松井氏がフラワー・ロボティクス社を設立し最初に手がけたロボットは、2001年のPosyだった。ウェディングのフラワーガールにインスパイアされたPosyは、純粋無垢な佇まいと、ロボット特有の無機質さが加わったヒト型ロボット。ちょうど日本のアニメやアートが世界から注目されたジャパニーズ・ポップカルチャー全盛の時代に、Posyは世界からも人気を集めた。


「当時はプロダクトとしてロボットを開発する目的が機能以前の存在意義を問う時代だったのだと思います。ロボットとの生活に対する期待値が高まっていて、人間とどう共存していくのかをみんなが夢見ていた時代。そのためにPosyにはある世界観を当てはめ人との距離をデザインすることから考え始めました。人の幸せに寄り添い、導くフラワーガールのポジション。ロボットは生活の中心から位置をずらしたところで人を先導し共存する。人とロボットの関係性をデザインしていました。
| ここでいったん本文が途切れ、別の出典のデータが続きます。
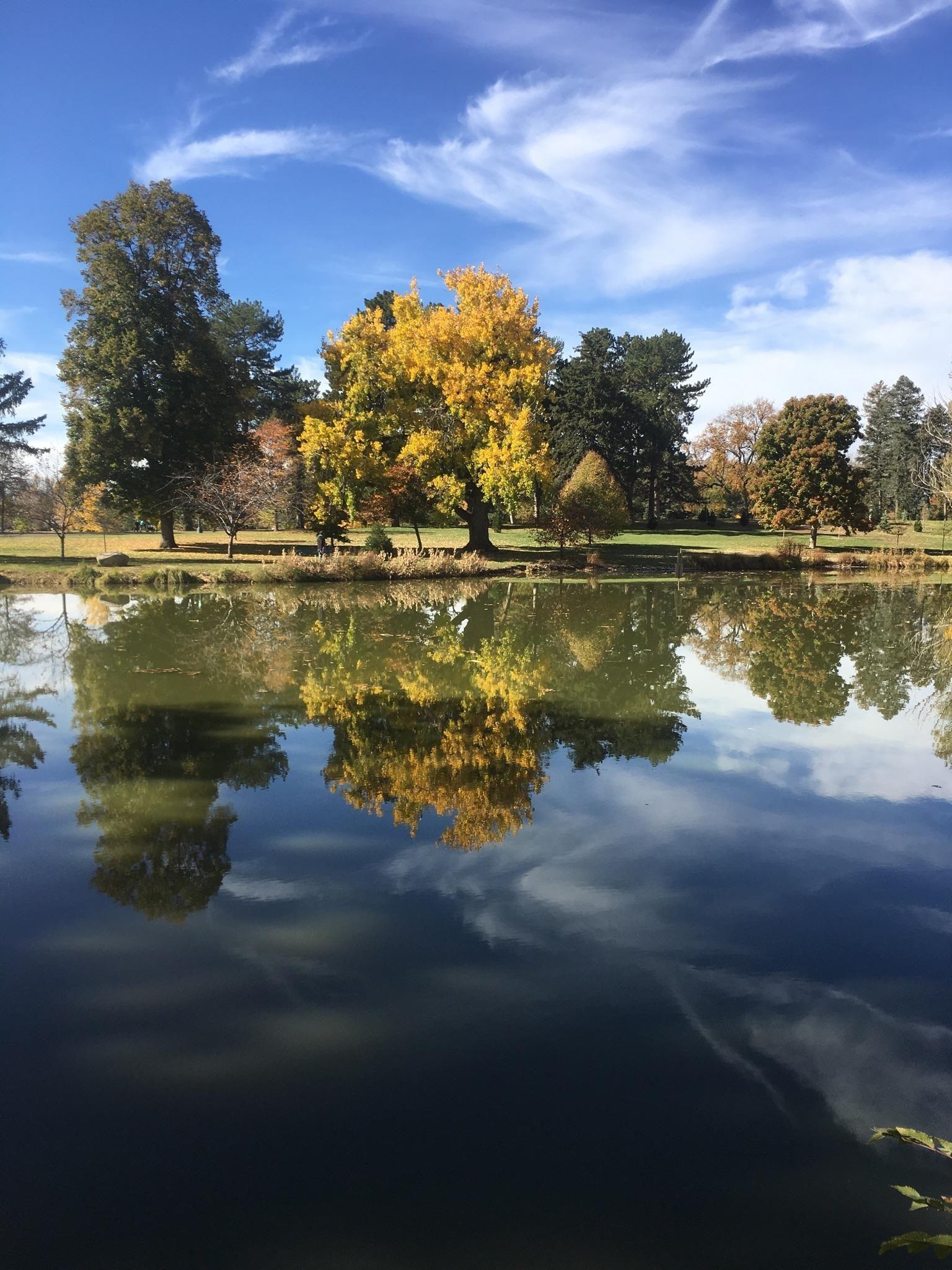 Washington Park In Denver Colorado [] [OC]. wallpapers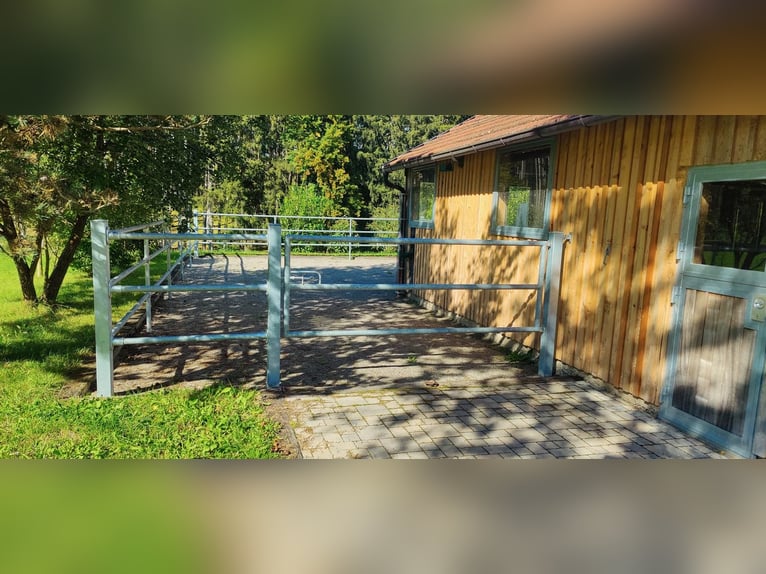 Acquisto di una casa colonica o di una fattoria in Allgäu, posizione isolata con circa 11 ettari di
けれども近年は、ロボット開発に必要な要素技術のコモディティ化などが進み産業の裾の尾が広がり始めました。ロボットは社会の中で実用化され製品として、また事業のデザインとして価値が問われる時代です。私も、社会インフラの中で、ロボットをどう使うかということをデザインしています。そこで開発してきたのが、スピーカー型ロボットのPlatinaやマネキン型ロボットのPalette。そしてKDDI社と共同開発した、スマートフォンの機能を拡張するロボットPolaris等でした」。